Cuando se terminó de quitar la última piedra del túnel superior, la luz penetró totalmente, iluminando la cruz; que debido a las paredes recubiertas de láminas de oro, multiplicaban los rayos de luz y daban un efecto luminoso muy especial, pues parecía que manaba luz de la cruz subterránea y de ella el Guerrero, ahora limpio y claro, sereno y reposado.

Por la tarde habló Águila Nocturna con el Respetable Maestro de La Casa de la Medida y le confirmó su decisión.
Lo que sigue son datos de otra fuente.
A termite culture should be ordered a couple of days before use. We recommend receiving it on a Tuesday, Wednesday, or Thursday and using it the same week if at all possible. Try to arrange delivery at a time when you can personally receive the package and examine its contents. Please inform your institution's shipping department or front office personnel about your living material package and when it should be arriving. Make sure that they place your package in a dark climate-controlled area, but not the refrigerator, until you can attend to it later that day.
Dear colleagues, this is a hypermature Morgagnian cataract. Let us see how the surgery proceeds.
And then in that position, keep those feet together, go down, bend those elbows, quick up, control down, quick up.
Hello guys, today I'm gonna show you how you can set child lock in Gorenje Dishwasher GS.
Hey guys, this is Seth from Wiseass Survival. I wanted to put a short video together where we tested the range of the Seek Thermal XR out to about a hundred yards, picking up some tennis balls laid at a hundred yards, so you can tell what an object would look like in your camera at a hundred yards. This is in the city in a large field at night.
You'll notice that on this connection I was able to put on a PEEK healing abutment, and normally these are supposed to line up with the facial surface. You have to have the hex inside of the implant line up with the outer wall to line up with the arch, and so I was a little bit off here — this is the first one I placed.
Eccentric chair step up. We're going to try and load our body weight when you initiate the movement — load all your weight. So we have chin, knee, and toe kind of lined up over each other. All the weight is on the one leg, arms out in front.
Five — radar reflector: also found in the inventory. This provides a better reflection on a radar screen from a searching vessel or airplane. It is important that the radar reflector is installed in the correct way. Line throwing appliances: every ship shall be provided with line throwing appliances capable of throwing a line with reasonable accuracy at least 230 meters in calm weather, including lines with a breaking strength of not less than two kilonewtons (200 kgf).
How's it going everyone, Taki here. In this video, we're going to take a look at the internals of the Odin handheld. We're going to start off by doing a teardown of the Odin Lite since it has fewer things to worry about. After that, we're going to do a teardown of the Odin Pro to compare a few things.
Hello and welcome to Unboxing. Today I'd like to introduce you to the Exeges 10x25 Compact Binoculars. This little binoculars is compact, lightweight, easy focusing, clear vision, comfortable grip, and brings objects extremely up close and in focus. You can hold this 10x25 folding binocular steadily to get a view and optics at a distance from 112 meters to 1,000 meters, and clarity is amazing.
Águila Nocturna había decidido quitarse la vida.

En lo más alto de un cerro, Águila Nocturna veía hundirse al Señor de los Dardos de Fuego, en las montañas distantes. A sus pies estaba ese hermoso Valle de Etla, con sus tierras labradas y en las casas de los campesinos, el fuego de los hogares, dejaba salir al cielo, tiras de humo azul por donde pasaban volando las garzas y los zanates, en busca de su nido para descansar.

El pueblo se preparaba para recibir la noche. Águila Nocturna se preparaba para recibir a la muerte. El guerrero había cortado las pocas ligas que tenía con este mundo. Su decisión nacía de lo más profundo de su ser.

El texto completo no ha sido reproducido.